→ **Task details**:
Send back exactly the lines from the opening line of the records below through the one with "KONTROLER PAD XBOX".

══ Listed entries ══

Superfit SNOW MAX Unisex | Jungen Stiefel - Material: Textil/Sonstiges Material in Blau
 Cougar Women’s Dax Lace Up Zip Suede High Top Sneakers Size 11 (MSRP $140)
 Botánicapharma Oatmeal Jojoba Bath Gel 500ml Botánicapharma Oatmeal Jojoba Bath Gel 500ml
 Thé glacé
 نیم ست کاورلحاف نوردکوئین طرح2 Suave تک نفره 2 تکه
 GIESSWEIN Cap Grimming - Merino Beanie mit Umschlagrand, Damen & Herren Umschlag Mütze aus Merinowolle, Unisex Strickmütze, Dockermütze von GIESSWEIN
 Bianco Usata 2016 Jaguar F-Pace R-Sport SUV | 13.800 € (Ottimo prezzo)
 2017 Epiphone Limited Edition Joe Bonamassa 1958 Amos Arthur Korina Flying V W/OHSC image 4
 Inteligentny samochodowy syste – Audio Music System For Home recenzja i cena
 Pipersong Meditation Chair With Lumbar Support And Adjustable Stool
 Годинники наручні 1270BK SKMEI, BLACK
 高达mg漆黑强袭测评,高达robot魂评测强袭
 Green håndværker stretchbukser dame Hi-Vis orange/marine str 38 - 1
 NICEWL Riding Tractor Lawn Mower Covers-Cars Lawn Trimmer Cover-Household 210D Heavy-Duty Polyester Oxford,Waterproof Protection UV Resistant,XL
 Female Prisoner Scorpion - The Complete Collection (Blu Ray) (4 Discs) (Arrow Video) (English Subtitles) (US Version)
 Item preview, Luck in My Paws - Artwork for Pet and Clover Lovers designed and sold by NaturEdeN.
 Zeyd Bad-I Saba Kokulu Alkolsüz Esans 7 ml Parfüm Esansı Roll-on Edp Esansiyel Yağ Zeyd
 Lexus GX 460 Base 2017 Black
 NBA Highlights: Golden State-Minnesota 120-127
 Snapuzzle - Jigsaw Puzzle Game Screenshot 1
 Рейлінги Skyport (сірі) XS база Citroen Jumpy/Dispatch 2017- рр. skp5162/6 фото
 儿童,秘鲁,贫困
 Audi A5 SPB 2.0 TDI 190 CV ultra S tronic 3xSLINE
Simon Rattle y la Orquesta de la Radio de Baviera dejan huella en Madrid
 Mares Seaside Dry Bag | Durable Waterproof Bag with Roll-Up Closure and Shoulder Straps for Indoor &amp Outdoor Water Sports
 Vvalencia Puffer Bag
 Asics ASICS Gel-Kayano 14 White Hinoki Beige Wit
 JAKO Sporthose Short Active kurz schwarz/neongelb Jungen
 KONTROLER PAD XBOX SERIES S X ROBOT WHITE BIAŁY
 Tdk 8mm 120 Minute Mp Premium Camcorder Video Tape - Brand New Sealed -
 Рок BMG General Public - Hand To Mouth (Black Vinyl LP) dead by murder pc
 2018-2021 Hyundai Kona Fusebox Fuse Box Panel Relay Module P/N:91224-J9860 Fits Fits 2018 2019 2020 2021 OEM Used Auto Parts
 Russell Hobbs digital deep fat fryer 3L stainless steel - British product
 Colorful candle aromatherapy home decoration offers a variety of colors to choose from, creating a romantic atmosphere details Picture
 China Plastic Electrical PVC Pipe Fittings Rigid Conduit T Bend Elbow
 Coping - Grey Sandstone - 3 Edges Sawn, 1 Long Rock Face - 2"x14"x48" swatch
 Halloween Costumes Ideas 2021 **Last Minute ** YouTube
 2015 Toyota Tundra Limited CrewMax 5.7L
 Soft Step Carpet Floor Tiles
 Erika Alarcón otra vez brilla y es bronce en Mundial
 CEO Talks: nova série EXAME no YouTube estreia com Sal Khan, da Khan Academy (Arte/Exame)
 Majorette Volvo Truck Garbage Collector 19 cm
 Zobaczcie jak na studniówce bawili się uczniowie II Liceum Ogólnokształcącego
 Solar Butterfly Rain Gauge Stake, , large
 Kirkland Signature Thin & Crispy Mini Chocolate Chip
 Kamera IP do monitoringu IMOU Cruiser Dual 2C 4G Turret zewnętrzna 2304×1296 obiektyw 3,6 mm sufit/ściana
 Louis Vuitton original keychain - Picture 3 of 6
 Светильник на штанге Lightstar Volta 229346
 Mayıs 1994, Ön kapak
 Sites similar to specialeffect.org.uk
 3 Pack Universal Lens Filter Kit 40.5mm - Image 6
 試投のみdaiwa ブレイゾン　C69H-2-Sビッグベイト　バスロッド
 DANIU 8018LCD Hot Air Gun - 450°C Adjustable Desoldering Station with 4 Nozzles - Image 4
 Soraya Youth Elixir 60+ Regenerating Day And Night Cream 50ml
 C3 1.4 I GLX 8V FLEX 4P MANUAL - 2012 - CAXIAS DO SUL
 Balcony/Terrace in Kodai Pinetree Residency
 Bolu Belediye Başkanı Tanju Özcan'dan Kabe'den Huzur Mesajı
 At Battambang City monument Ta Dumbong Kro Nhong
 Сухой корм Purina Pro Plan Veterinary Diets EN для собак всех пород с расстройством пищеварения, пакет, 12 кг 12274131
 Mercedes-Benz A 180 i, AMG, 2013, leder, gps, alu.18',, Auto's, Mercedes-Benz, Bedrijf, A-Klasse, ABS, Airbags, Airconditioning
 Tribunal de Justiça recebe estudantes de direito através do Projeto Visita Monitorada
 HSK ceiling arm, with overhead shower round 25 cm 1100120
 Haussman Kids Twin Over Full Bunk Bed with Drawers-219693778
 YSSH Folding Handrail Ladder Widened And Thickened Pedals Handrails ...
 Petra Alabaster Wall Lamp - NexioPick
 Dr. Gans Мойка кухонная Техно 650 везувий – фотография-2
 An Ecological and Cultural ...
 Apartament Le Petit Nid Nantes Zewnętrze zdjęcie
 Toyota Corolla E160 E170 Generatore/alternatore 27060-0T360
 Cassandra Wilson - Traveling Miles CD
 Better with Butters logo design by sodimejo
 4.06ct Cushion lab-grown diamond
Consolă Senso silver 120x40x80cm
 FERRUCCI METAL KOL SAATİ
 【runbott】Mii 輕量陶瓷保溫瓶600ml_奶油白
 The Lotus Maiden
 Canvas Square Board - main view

═══

→ **Solution to the exercise**:
Superfit SNOW MAX Unisex | Jungen Stiefel - Material: Textil/Sonstiges Material in Blau
 Cougar Women’s Dax Lace Up Zip Suede High Top Sneakers Size 11 (MSRP $140)
 Botánicapharma Oatmeal Jojoba Bath Gel 500ml Botánicapharma Oatmeal Jojoba Bath Gel 500ml
 Thé glacé
 نیم ست کاورلحاف نوردکوئین طرح2 Suave تک نفره 2 تکه
 GIESSWEIN Cap Grimming - Merino Beanie mit Umschlagrand, Damen & Herren Umschlag Mütze aus Merinowolle, Unisex Strickmütze, Dockermütze von GIESSWEIN
 Bianco Usata 2016 Jaguar F-Pace R-Sport SUV | 13.800 € (Ottimo prezzo)
 2017 Epiphone Limited Edition Joe Bonamassa 1958 Amos Arthur Korina Flying V W/OHSC image 4
 Inteligentny samochodowy syste – Audio Music System For Home recenzja i cena
 Pipersong Meditation Chair With Lumbar Support And Adjustable Stool
 Годинники наручні 1270BK SKMEI, BLACK
 高达mg漆黑强袭测评,高达robot魂评测强袭
 Green håndværker stretchbukser dame Hi-Vis orange/marine str 38 - 1
 NICEWL Riding Tractor Lawn Mower Covers-Cars Lawn Trimmer Cover-Household 210D Heavy-Duty Polyester Oxford,Waterproof Protection UV Resistant,XL
 Female Prisoner Scorpion - The Complete Collection (Blu Ray) (4 Discs) (Arrow Video) (English Subtitles) (US Version)
 Item preview, Luck in My Paws - Artwork for Pet and Clover Lovers designed and sold by NaturEdeN.
 Zeyd Bad-I Saba Kokulu Alkolsüz Esans 7 ml Parfüm Esansı Roll-on Edp Esansiyel Yağ Zeyd
 Lexus GX 460 Base 2017 Black
 NBA Highlights: Golden State-Minnesota 120-127
 Snapuzzle - Jigsaw Puzzle Game Screenshot 1
 Рейлінги Skyport (сірі) XS база Citroen Jumpy/Dispatch 2017- рр. skp5162/6 фото
 儿童,秘鲁,贫困
 Audi A5 SPB 2.0 TDI 190 CV ultra S tronic 3xSLINE
Simon Rattle y la Orquesta de la Radio de Baviera dejan huella en Madrid
 Mares Seaside Dry Bag | Durable Waterproof Bag with Roll-Up Closure and Shoulder Straps for Indoor &amp Outdoor Water Sports
 Vvalencia Puffer Bag
 Asics ASICS Gel-Kayano 14 White Hinoki Beige Wit
 JAKO Sporthose Short Active kurz schwarz/neongelb Jungen
 KONTROLER PAD XBOX SERIES S X ROBOT WHITE BIAŁY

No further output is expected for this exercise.